> _MATERIAL SUPPLIED_
----------------------------------------
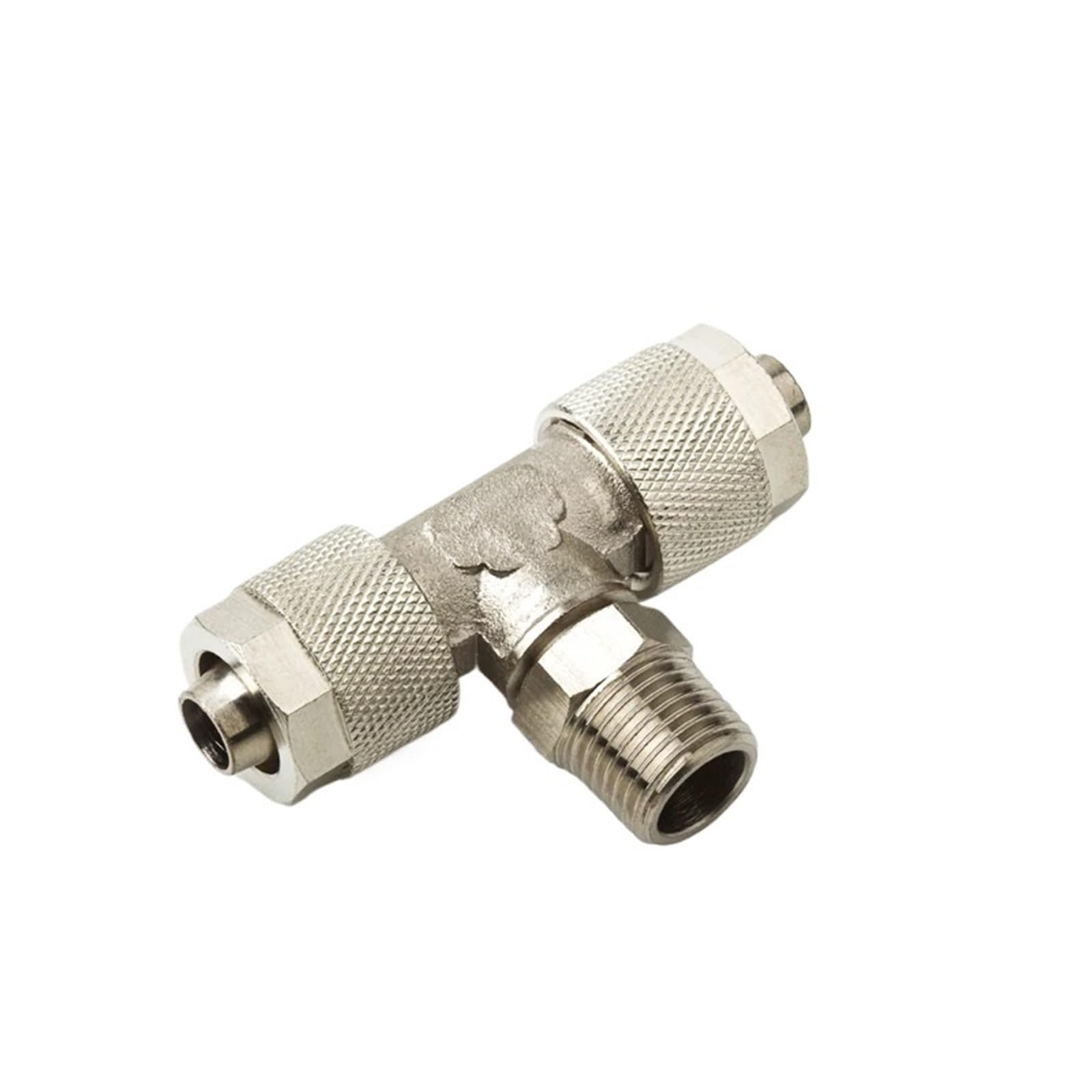 Conector de tubo de aire neumático BT tipo T en latón para solucionar fugas en talleres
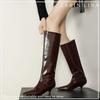 Fashion 2025 New Autumn/Winter Women Boots Split Leather Women Shoes Pointed Toe Low Heel Shoes Knee-high Modern Boots Slip-on Boots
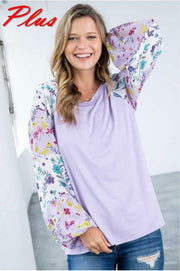 90 CP-C {Lilac Fields} Lilac Top W/Floral Sleeves PLUS SIZE 1X 2X 3X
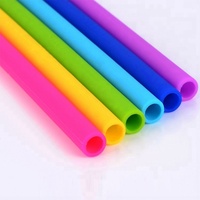 Pailles à boire colorées en silicone souple de qualité alimentaire réutilisables et écologiques avec accessoires de barre de brosses de nettoyage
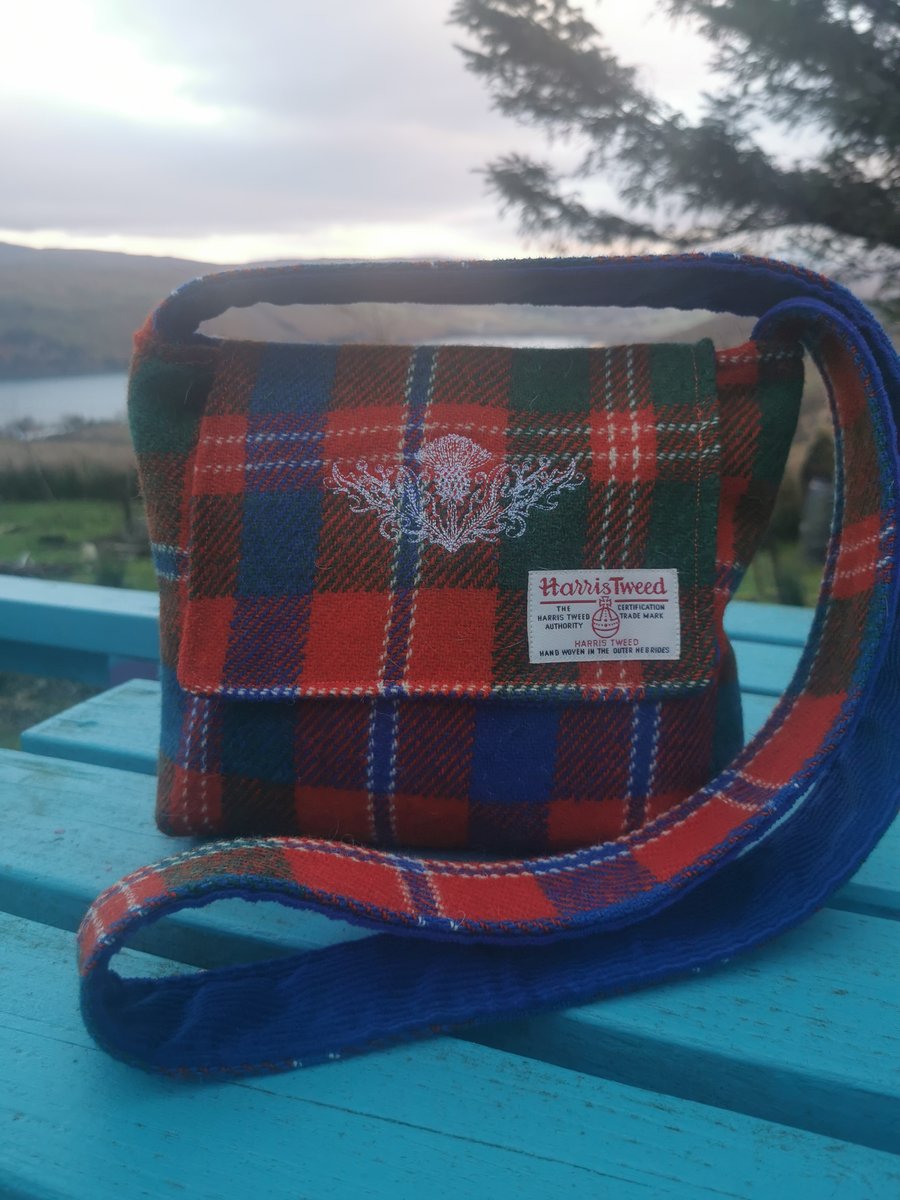 Macdonald tartan crossbody bag with embroidered thistle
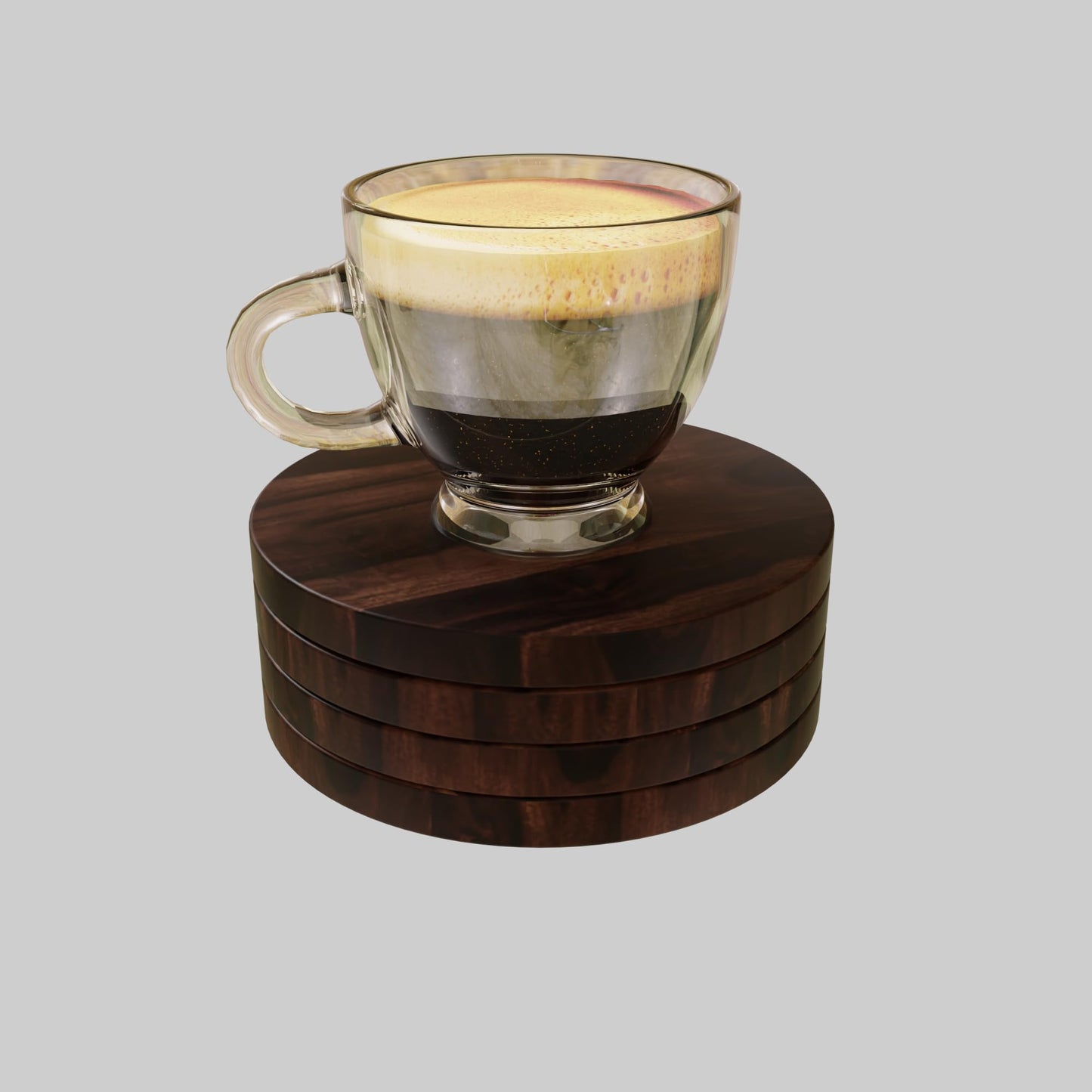 Murali Craft Sheesham Wood Round Tea Coaster Set – Walnut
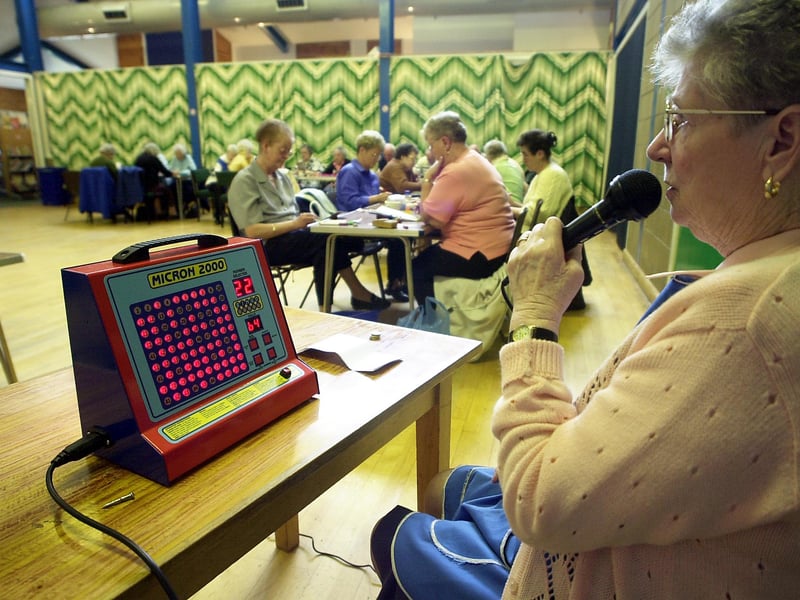 Liz Finningham was the caller at Sighthill Community Centre in May, 2002, for a game of bingo.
----------------------------------------
> _WHAT TO WORK ON_
Please provide a faithful transcription of all the data, pictures excluded.

> _SOLUTION FOR THIS TASK_
 Conector de tubo de aire neumático BT tipo T en latón para solucionar fugas en talleres
 Fashion 2025 New Autumn/Winter Women Boots Split Leather Women Shoes Pointed Toe Low Heel Shoes Knee-high Modern Boots Slip-on Boots
 90 CP-C {Lilac Fields} Lilac Top W/Floral Sleeves PLUS SIZE 1X 2X 3X
 Pailles à boire colorées en silicone souple de qualité alimentaire réutilisables et écologiques avec accessoires de barre de brosses de nettoyage
 Macdonald tartan crossbody bag with embroidered thistle
 Murali Craft Sheesham Wood Round Tea Coaster Set – Walnut
 Liz Finningham was the caller at Sighthill Community Centre in May, 2002, for a game of bingo.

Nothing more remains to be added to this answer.